The Making of “Farm to Table”: Harvesting

As a Midwesterner I find myself a little starstruck when in the mountains, at the ocean or the desert, and it’s often to the detriment of the equally unique and beautiful character of the fruited plain where my roots run deep.  When my son bought a house in farm country, he unwittingly opened up the opportunity for me to study the landscape in my own backyard.  With my husband behind the wheel for the 60-minute drives I’m free to ride shotgun, taking it all in.  Once we escape the urban sprawl of our day-to-day life, the trip becomes a meditation through pastures, crops, barns, silos and rambling old farmhouses.

After a few trips spent snapping unsatisfying photos of the scenery as we whizzed by and shooting slow motion videos with my arm out the car window, it became obvious that documenting with my mobile phone fails to give these wide-open spaces their due justice.   I turned to my sketchbook and began filling pages with thumbnail drawings using a fat Sign Pen to harness the images we passed.  As we watched the land cycle through the four seasons an idea began to germinate for a series about the heartland in all its beautiful flatness and unincumbered sky.  I’ve never celebrated the Great Plains in any of my work. 

When a concept takes hold, my process is simply to pick up the pen, draw, and keep drawing even if it feels like it’s the same handful of images over and over again.  This repetition tells me what I find both compelling and abundant in the landscape.  It begins to suggest the story of place while supplying multiple perspectives to consider when homing in on the select few compositions that will be promoted for further development. 
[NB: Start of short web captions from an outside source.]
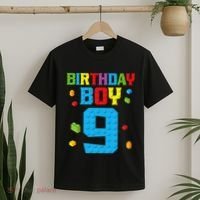 Master Builder 9th Birthday Boy Nine 9 Year Building Bricks T-Shirt thumb 2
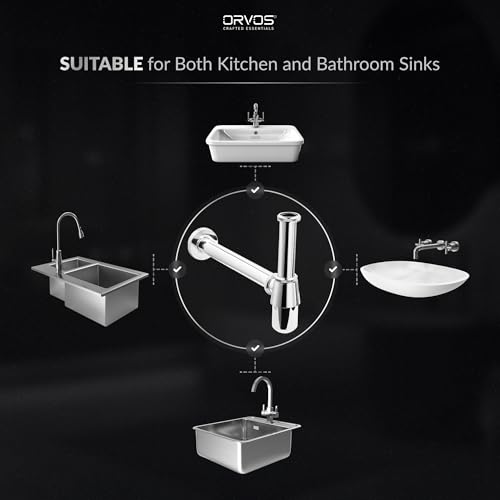 Orvos Bottle Trap, Brass Body with Stainless Steel Pipes, Curved, for Sinks and Wash Basins - Image 4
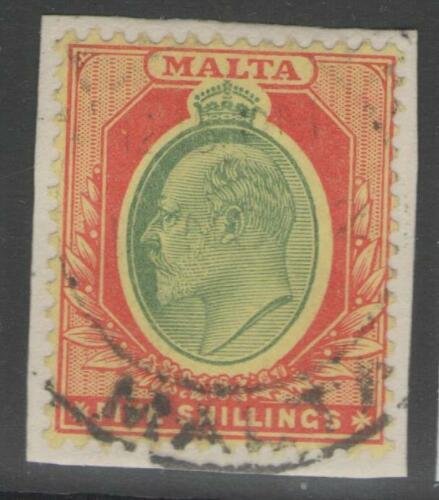 MALTA SG63 1911 5/= GREEN & RED/YELLOW FINE USED ON PIECE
I’ve learned to accept imperfection, be okay with the misses that look nothing like what I’m trying to portray, to stop judging even the most ridiculous drawing blunders with such a critical eye.  These timed drawings (seconds) are woefully underdeveloped and all about subtraction, hewing composition.  The image I’m capturing is in the rearview mirror in the blink of an eye so I need to make snap decisions about what will be in the frame and how to keep it simple. By the time I’m ready for another look, the image is gone, leaving all kinds of space for my imagination to fill in.  I get the main idea down, adding some hatching to differentiate shapes and suggest depth so when I pick up the sketchbook again, I can recall the subject. 

The sketches that inform “Farm to Table” were made over several drives through the country and hours of studio time.  The technical work with conveying this landscape is in capturing the depth of field, being able in the same frame to evoke the breadth and boundlessness of open fields while magnifying the iconic shapes that let the viewer know it’s a farm.  I make more drawings in my sketchbook from the drawings in my sketchbook. I focus on refining the images I swoon over:   The rooflines of bright red barns alongside hale metal silos, the patchwork fields of crop rotation, a windmill or meandering fence. 
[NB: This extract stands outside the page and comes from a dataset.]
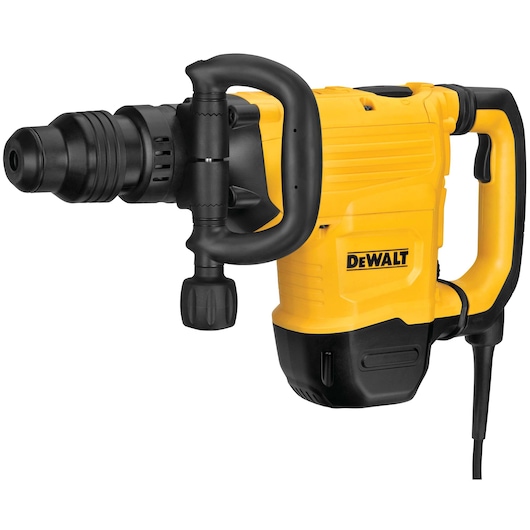 A yellow and black DEWALT corded demolition hammer with a side handle and robust construction, designed for heavy-duty concrete or masonry work.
I love this stage of the process.  It’s all about abundance.  More is more, as one of my favorite painting instructors likes to say.  And making more is the practice of art.  It’s what takes us from wishing to be an artist to confidently calling ourselves artists.  It’s a virtuous cycle, the more drawings I make the more I want to explore this landscape and the more I explore this landscape, the more drawings I want to make. 

We truly fall in love with our work when we can render it as we imagine, to satisfy our own eyes before ever dreaming of satisfying a viewer’s eyes.  When I think about the Great Plains now, it’s with as much reverence as any other place I’ve traveled to.  There is beauty in those places familiar and easily accessible to us. Sometimes it takes a sketchbook and a pen to unearth it.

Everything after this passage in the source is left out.